Abstract:
The disclosed fan motor includes a bracket encircling a stator and reduction gears of the conventional structure disposed within a gear box. The bracket is formed of sheet metal to include various holes while the gear box is moulded with an electrically insulating synthetic resinous material to be integral with the bracket by filling the holes with the resinous material upon moulding the gear box. Also the gears include respective shaft directly journaled by their bearings moulded with the resinous material.

Description:
BACKGROUND OF THE INVENTION 
     This invention relates to an electric motor and more particularly to an electric motor including a reduction gear mechanism constituted by a variable speed gearing accomodated in a gear box, such as in an electric fan. 
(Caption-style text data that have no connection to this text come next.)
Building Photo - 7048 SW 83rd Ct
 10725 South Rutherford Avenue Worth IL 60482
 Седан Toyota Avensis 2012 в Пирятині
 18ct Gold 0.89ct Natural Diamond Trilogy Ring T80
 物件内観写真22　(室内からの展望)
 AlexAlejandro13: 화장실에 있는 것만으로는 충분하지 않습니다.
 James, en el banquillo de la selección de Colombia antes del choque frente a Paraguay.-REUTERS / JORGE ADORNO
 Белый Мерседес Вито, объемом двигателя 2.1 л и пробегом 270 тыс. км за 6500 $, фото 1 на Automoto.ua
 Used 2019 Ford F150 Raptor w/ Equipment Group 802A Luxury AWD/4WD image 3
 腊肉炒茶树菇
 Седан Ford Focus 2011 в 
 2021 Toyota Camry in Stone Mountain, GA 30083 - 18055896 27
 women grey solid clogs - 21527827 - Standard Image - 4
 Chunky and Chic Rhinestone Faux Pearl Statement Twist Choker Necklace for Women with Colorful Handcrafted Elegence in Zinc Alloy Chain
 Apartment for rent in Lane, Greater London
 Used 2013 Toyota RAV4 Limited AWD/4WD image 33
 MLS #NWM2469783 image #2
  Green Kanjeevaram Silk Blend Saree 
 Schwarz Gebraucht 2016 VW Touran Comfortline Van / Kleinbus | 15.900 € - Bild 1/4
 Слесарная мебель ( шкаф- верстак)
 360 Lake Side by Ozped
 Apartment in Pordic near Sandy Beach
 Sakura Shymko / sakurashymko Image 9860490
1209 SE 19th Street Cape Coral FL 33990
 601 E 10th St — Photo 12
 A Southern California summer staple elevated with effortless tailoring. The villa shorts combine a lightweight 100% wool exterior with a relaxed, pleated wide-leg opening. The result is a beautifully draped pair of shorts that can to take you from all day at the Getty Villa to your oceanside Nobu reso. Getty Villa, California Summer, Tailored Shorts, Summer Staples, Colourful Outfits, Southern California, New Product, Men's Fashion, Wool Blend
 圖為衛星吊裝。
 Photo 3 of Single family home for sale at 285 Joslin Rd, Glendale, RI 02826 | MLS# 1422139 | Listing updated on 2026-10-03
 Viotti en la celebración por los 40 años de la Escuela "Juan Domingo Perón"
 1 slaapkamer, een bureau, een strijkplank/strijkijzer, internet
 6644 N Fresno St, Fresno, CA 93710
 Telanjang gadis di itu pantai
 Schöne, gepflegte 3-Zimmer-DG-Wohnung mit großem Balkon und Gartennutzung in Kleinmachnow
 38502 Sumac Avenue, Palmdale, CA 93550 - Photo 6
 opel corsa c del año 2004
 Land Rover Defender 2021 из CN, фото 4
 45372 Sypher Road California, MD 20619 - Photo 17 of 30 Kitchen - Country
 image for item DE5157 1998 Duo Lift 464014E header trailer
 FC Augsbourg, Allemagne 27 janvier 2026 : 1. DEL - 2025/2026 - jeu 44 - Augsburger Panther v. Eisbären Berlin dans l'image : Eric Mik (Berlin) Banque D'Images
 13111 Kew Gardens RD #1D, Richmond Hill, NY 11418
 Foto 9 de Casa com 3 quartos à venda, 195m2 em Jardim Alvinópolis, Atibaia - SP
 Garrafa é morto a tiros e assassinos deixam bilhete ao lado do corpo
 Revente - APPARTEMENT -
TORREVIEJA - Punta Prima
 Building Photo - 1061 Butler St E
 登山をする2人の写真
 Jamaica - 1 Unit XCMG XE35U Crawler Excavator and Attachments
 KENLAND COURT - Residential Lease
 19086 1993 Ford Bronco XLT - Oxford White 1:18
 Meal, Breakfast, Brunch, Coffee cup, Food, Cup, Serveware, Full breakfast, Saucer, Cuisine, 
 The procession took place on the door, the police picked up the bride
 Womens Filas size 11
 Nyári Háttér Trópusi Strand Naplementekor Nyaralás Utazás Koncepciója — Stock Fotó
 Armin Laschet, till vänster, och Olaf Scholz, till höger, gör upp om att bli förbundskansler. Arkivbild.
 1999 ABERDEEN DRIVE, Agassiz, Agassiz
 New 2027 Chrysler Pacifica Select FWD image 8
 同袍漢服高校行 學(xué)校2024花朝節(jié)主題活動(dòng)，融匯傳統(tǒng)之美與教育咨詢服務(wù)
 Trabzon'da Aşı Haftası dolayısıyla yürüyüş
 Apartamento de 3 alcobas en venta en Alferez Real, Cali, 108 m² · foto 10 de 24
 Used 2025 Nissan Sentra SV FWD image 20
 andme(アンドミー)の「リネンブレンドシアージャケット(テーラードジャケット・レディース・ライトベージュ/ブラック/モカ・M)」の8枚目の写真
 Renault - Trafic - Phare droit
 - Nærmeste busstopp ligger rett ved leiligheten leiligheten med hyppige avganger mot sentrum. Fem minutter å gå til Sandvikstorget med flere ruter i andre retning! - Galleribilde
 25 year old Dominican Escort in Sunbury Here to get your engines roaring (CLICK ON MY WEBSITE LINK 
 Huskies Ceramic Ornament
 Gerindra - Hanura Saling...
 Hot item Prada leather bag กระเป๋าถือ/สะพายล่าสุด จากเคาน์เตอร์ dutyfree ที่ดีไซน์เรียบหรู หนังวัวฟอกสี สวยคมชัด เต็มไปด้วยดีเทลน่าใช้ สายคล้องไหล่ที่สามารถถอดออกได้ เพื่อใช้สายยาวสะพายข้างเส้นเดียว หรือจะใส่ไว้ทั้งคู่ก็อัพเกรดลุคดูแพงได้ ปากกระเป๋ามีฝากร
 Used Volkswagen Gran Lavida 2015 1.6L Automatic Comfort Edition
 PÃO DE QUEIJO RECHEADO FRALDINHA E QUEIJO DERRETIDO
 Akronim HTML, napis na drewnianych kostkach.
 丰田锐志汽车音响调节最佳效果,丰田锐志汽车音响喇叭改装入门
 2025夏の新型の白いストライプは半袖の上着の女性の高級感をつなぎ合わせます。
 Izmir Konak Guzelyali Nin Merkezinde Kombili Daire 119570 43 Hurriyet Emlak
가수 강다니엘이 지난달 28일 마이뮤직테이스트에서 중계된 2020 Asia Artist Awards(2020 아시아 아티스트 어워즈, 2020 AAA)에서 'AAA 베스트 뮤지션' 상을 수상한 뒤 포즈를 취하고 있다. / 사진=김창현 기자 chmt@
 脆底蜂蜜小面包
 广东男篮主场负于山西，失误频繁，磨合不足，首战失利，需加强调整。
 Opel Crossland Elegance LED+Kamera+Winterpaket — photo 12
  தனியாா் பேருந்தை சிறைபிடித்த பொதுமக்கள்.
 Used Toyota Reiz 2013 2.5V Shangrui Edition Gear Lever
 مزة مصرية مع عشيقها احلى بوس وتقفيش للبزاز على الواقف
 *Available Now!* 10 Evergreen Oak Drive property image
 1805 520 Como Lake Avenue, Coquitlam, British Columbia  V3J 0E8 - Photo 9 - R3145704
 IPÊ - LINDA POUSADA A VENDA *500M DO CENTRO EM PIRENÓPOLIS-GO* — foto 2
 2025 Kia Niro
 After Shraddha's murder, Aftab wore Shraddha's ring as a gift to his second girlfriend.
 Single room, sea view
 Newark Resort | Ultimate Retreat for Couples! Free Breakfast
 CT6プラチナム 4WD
     Conventional electric motors for fan have had the motor bracket and the reduction gear box formed into a unitary structure by die-casting aluminum. A mould for moulding such a unitary structure is inevitably complicated and the number of components forming the mould has become large while the die-casting operation has been because the moulding material used is aluminum, the moulding as a moulding material involved is aluminum, a moulding temperature is high which has lowered the accuracy of the castings resulting in the necessity of machining the castings. 
     Accordingly, it is an object of the present invention to provide a new and improved electric motor having high dimensional accuracy sufficient to eliminate the necessity of machining the product as die cast and which has good mass producibility which makes it inexpensive. 
     SUMMARY OF THE INVENTION 
     The present invention provides an electric motor comprising a frame including a bearing unit, a bracket including a bearing unit, a stator encircled by the frame and the bracket interconnected, a rotary motor shaft rotatably mounted so as to extend rotatably through both bearing units and including one end portion provided with a first gear, a gear box moulded of an electrically insulating synthetic resinous material and integrally fixed to the bracket, and a second gear disposed in the gear box and driven by the first gear. 
    
    
     BRIEF DESCRIPTION OF THE DRAWINGS 
     The present invention will become more readily apparent from the following detailed description taken in conjunction with the accompanying drawings in which: 
     FIG. 1 is a longitudinal sectional view of a conventional electric motor with parts illustrated in elevation; 
     FIG. 2 is an exploded perspective view of the arrangement shown in FIG. 1; 
     FIG. 3 is a plan view of the bracket and gear box shown in FIGS. 1 and 2; 
     FIG. 4 is a sectional view of the gear box and bracket taken along the line IV--IV of FIG. 3 and viewed in the direction of the arrow; 
     FIG. 5 is a longitudinal sectional view of one embodiment of the electric motor of the present invention; 
     FIG. 6 is a front view of the bracket shown in FIG. 5; 
     FIG. 7 is a longitudinal elevational sectional view of the bracket taken along the line VI--VI of FIG. 6 and viewed in the direction of the arrow; 
     FIG. 8 is a front view of the combined bracket and gear box shown in FIG. 5; 
     FIG. 9 is a longitudinal elevational sectional view of the bracket and gear box taken along the line IX--IX of FIG. 8 and viewed in the direction of the arrow; 
     FIG. 10 is a front view of the bracket and gear box shown in FIG. 8; 
     FIG. 11 is a sectional view of the bracket and gear box taken along the line XI-IX of FIG. 10 and viewed in the direction of the arrow with parts illustrated in plan; 
     FIG. 12 is a perspective view of the stator shown in FIG. 5; 
     FIG. 13 is an enlarged side elevation view illustrating in section the lead portion shown in FIG. 5; and 
     FIG. 14 is a view similar to FIG. 13 but illustrating a modification of the arrangement shown in FIG. 13. 
    
    
     Throughout the Figures like reference numerals designate identical or corresponding components. 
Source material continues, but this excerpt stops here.